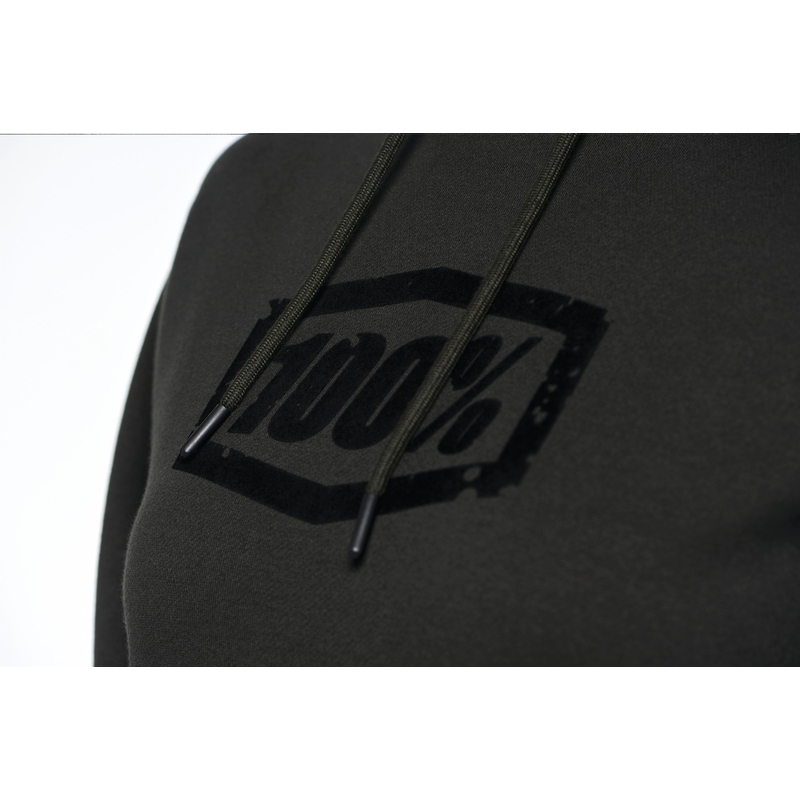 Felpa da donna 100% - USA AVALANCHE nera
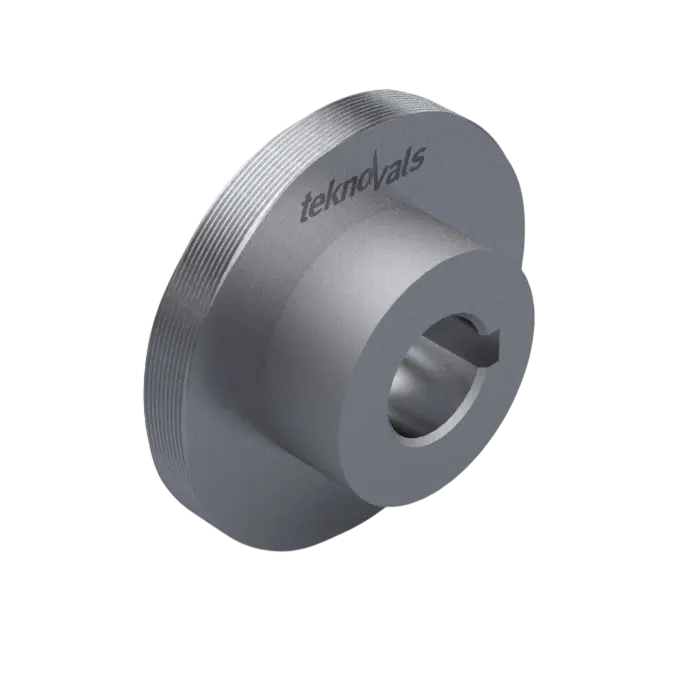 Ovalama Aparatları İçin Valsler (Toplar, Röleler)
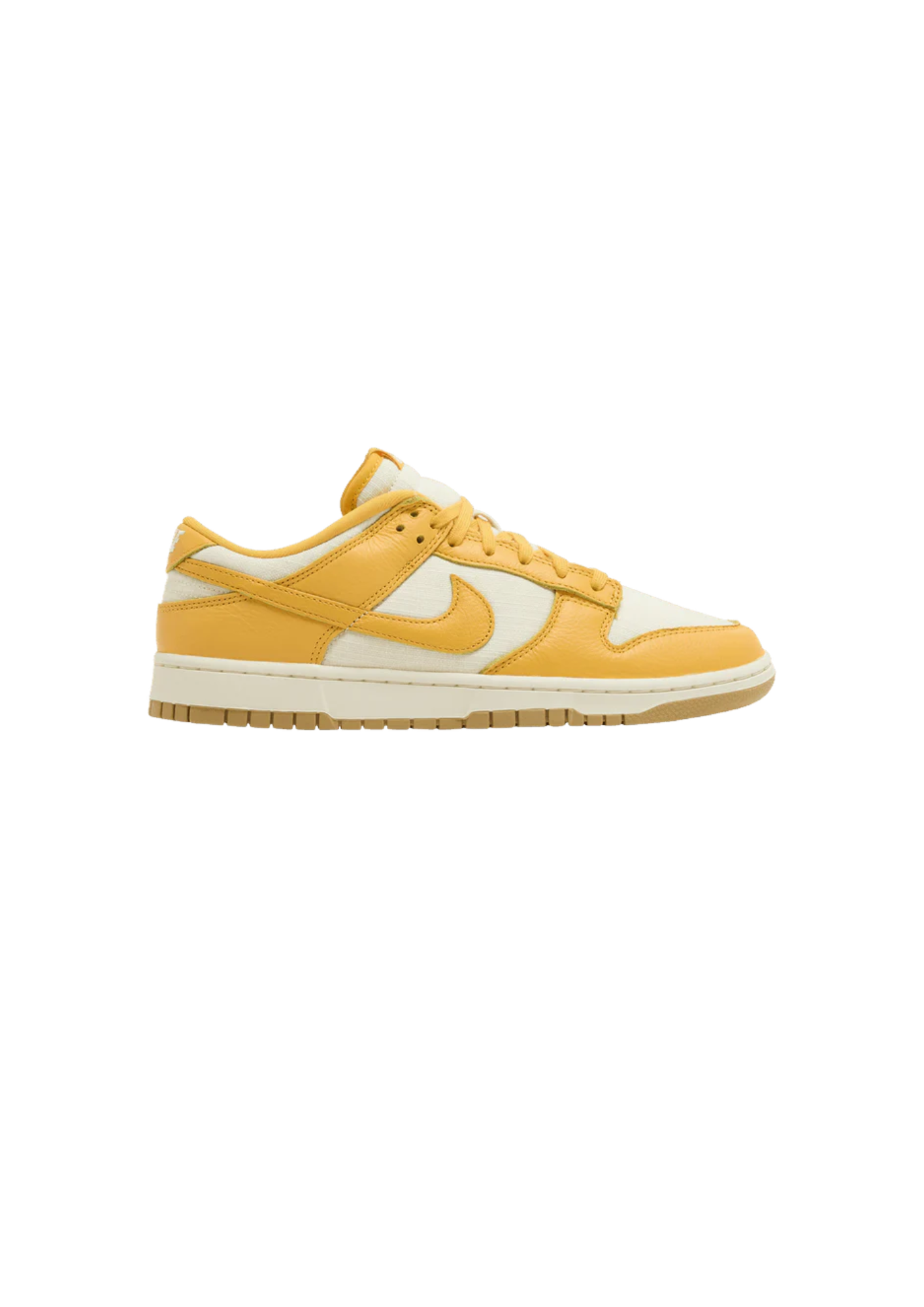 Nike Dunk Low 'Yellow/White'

********

* To do
Give the data again exactly, image-free.

* Reply to the exercise
 Felpa da donna 100% - USA AVALANCHE nera
 Ovalama Aparatları İçin Valsler (Toplar, Röleler)
 Nike Dunk Low 'Yellow/White'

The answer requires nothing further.